A la strangulation budgétaire vient donc se greffer les conditions tangibles d'utilisation des moyens qui demeurent perfectibles : voilà un défi pour le haut Commandement.

7) "Sur le fil d'une rupture capacitaire ? "

Ce titre figure dans une des sections du rapport parlementaire d'octobre 2002 présenté par Gilbert Meyer  (    http://www.assemblee-nationale.fr/12/rap-info/i0328.asp ). Il y a donc 15 ans que " tout le monde sait " qu'il y a un risque de saturation de nos moyens et des questions épineuses en matière d'entretien des matériels. Quinze ans !

François Mitterrand avaient surnommé " les dividendes de la Paix " ( post 1989 ) le début de la réduction des budgets militaires.

Hors inflation, les Armées sont à peine au niveau de 1982 alors que les menaces sont multiples et précises. Est-ce pertinent et lucide ?

Bien sûr, on peut imaginer une quote-part de mutualisation européenne de notre effort de défense mais en attendant nous sommes bel et bien proche de l'impasse.

8) Retour vers le futur

La France a actuellement la capacité d'emprunter à 0,6% sur 30 ans avant que la hausse des taux ( 2019 ? ) ne survienne. Raisonnablement, je persiste à penser qu'un emprunt de 5 à 7 milliards d'euros nous aurait sorti du cadenas des dérapages du duo Hollande et Sapin pour boucler l'équation budgétaire 2017.

Et que ceci aurait été préférable à une césure avec cicatrices entre le président Macron et le Général Pierre de Villiers. L'élection a montré les fractures du pays, alors de grâce, restons soudés là où l'avenir suprême de la Nation nous impose l'unité.

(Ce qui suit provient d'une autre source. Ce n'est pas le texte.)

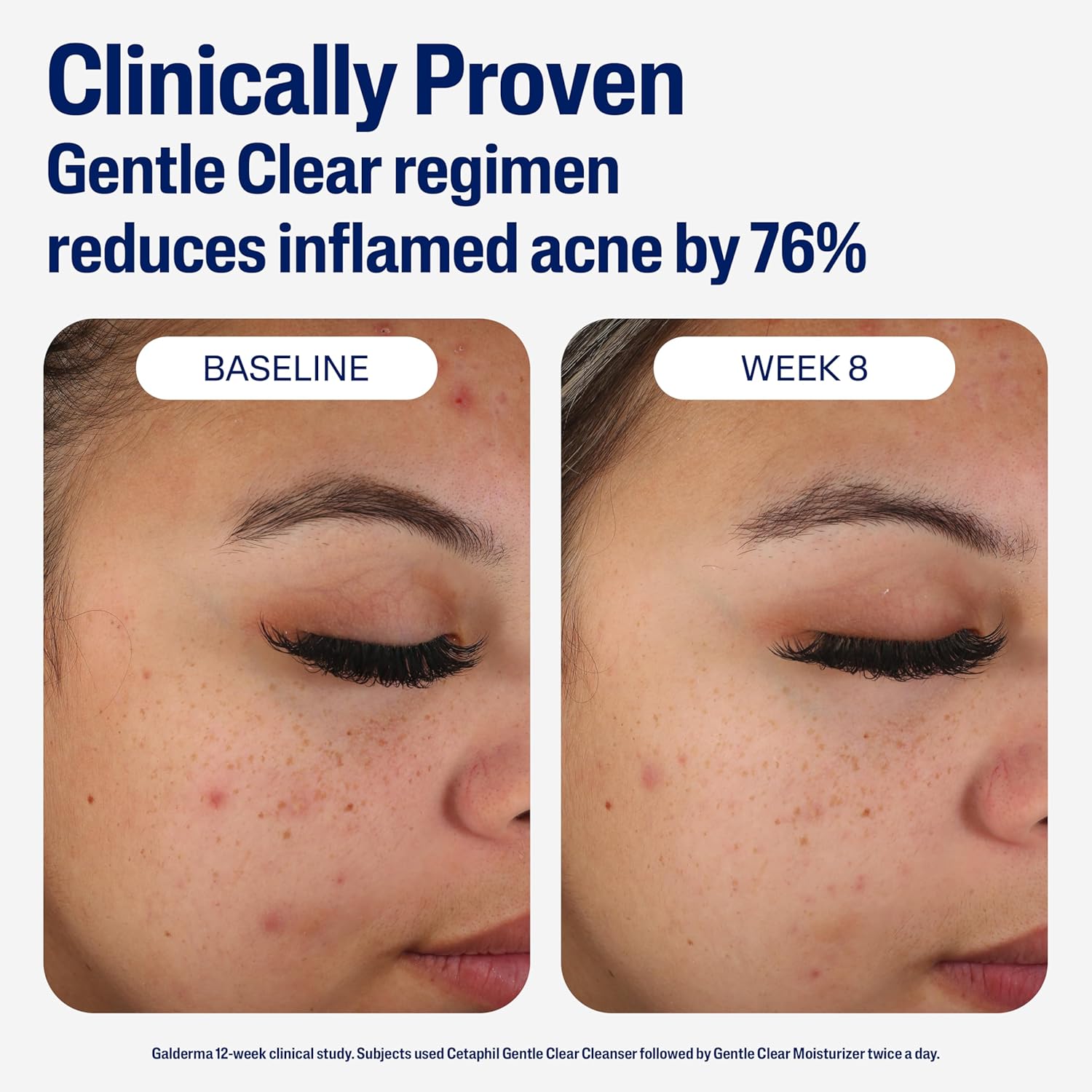 Cetaphil Face Moisturizer, Gentle Clear Mattifying Acne Moisturizer with 0.5% Salicylic Acid, Hydrates and Treats Sensitive Acne Prone Skin, Skin Care for Sensitive Skin, 3Oz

Pendant ce temps-là, à Toulon, des ouvriers soudeurs s'occupent de la maintenance du Charles de Gaulle tandis que des officiers de la Marine savent que nous devrions disposer d'un deuxième PAN ( porte-avions nucléaire ) et rêvent silencieusement de voir le pays leur accorder les 20 milliards requis pour notre défense opérationnelle future.